En lisant ce texte les jeunes vont s’imaginer qu’en 1914 la nation canadienne unie, anglais et français main dans la main, s’est levée héroïquement pour sauver la civilisation occidentale. C’est toute une distorsion de la réalité!

Crise de la conscription (1917)

Il suffit d’aller voir un peu sur Wikipedia, l’article Crise de la conscription (1917) par exemple, pour lire une toute autre histoire. En 1914 très peu de canadiens se sentaient concernés par cette guerre entre puissances européennes colonialistes; et les québécois encore moins que les autres.

En 1912 le règlement 17 adopté par la province de l’Ontario avait aboli les droits des francophones dans cette province; en 1914 la plupart des québécois n’avaient pas du tout l’intention d’aller à la guerre sous les ordres d’officiers anglais qui les méprisaient. Et ils l’ont fait savoir à leurs politiciens.

Manifestation anti-conscription
Manifestation anti-conscription au Carré Victoria, Montréal 24 mai 1917

Mais le Canada était encore une colonie anglaise; la métropole avait besoin de chair à canon, le Canada devait obéir et envoyer ses citoyens valides. Le premier ministre Borden avait juré qu’il n’aurait pas recours à la conscription mais il a dû obéir aux ordres de Londres; et tant pis pour les innocents qui avaient cru à ses promesses.

Chacun des députés francophones s’oppose à la conscription, et presque tous les députés anglophones la soutiennent. Les huit provinces anglophones appuient également la décision de Borden, tandis que la province du Québec, elle, y résiste.

L’encyclopédie canadienne (un site pourtant très « canadian »)

La Loi sur les Mesures de Guerre

La loi de la conscription a été adoptée malgré l’opposition du Québec, les québécois ne voulaient pas s’enrôler, il fallait les pourchasser. Les recruteurs ont commis de nombreux abus qui ont déclenché des émeutes contre les bureaux de recrutement à Québec dans la semaine de Pâques 1918.

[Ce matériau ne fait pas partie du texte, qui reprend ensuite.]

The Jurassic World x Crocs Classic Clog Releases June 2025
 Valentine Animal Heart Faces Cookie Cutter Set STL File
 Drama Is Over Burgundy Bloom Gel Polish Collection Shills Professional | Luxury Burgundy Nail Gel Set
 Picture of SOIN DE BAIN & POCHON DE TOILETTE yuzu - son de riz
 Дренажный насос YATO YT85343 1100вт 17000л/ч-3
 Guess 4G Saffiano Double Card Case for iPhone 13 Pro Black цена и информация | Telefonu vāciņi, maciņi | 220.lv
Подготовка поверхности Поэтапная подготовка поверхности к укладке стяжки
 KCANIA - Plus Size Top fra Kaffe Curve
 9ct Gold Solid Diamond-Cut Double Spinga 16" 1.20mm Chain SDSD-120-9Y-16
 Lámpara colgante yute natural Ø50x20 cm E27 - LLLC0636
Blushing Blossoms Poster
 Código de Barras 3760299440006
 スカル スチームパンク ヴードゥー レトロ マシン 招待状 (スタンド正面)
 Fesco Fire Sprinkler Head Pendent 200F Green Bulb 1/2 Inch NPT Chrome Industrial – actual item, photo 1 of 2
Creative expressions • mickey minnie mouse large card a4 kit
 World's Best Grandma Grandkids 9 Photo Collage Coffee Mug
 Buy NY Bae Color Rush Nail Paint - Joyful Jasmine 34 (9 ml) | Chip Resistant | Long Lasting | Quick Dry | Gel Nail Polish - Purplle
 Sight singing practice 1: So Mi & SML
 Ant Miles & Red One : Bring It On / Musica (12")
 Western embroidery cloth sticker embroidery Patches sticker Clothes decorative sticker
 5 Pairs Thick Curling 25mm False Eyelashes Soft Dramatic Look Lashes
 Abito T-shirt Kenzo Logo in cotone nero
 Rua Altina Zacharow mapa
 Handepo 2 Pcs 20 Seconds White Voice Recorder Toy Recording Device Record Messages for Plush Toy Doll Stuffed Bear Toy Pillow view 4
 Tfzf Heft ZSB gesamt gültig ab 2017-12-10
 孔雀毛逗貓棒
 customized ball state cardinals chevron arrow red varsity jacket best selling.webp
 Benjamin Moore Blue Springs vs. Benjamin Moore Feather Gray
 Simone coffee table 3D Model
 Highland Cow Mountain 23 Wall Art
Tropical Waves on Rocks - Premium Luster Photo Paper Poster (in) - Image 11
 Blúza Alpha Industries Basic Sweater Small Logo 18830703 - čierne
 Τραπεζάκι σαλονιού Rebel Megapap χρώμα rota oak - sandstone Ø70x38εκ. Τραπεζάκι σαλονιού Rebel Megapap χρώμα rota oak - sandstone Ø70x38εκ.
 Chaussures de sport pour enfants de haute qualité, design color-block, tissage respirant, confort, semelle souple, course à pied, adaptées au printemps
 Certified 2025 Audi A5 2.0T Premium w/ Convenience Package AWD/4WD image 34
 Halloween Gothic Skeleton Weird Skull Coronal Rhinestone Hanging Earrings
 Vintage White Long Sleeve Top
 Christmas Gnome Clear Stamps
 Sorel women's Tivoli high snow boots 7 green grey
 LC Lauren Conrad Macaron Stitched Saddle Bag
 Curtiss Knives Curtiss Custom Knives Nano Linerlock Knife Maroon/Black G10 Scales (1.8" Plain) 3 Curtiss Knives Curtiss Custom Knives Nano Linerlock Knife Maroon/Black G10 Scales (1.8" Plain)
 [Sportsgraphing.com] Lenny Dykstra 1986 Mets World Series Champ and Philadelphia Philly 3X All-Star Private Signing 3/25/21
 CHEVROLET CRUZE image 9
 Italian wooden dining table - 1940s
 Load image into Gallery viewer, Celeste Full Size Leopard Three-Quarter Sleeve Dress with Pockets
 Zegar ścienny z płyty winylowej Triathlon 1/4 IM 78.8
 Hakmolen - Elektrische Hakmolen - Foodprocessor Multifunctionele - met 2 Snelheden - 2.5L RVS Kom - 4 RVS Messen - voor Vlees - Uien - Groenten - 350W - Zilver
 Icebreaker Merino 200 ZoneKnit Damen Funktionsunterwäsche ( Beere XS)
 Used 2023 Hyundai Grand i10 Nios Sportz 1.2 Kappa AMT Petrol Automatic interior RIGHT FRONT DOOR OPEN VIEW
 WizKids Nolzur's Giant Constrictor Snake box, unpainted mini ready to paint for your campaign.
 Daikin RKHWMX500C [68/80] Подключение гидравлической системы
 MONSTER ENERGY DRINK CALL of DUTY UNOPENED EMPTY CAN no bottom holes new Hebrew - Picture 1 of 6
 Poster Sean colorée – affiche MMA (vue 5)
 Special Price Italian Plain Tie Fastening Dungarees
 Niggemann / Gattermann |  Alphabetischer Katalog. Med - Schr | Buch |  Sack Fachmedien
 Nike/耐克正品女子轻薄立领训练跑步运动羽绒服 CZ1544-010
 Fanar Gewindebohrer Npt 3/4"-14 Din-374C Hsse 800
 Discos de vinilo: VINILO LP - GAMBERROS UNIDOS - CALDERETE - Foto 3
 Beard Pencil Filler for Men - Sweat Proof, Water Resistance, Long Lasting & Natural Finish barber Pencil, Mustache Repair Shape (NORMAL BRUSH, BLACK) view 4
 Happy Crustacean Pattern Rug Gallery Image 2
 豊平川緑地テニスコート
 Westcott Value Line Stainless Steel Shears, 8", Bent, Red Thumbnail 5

La loi sur les mesures de guerre avait été votée en 1914 pour renforcer l’efficacité du gouvernement en temps de guerre. Il a su s’en servir. Pour mater ces émeutes il a fait appel à la loi d’exception et fait venir des renforts en train d’Ontario et Nova-Scotia, des soldats anglais fiables avec des mitrailleuses. Those damned french… L’officier a bien demandé aux émeutiers de se disperser mais ils ne comprenaient pas tous l’anglais: bilan 4 morts. L’enquête du coroner montra qu’il s’agissait de 4 passants tués par balle explosive. C’est aussi sur Wikipedia: Émeute de Québec 1918

Les 4 victimes de l'émeute
Les 4 victimes de l’émeute

La loi sur les mesures de guerre a été réutilisée en 1970 par le gouvernement canadien au Québec. Une loi d’exception c’est bien pratique pour museler la grogne.

Le Jour du Souvenir

Bien sûr il faut se souvenir de ceux qui sont morts pour défendre la liberté. Mais se souvenir d’une histoire qui ne donne qu’une version biaisée de la vérité c’est de la désinformation. L’Histoire est utile pour comprendre le passé et ne pas répéter toujours les mêmes erreurs.

L’Histoire biaisée est dangereuse, c’est de la propagande.

Le Jour du Souvenir

Les canadiens célèbrent le jour du Souvenir… C’est une occasion de se souvenir de tous ceux qui ont défendu la nation.

Le Canada est un pays compliqué: parfois il y a 1 nation, des fois il y en a 2, il y aussi les nations autochtones; on finit par se mêler un peu même dans la propagande.

Histoire et propagande

Le jour du Souvenir était tombé dans l’oubli. Heureusement en 1995 le gouvernement de Jean Chrétien a redonné de la visibilité aux grands symboles canadiens rassembleurs grâce à des programmes de commandites. Le 11 novembre est devenu un congé national pour les fonctionnaires fédéraux. Et depuis le gouvernement fédéral veille à ce que son message soit bien diffusé partout au pays pour l’éducation du peuple canadien.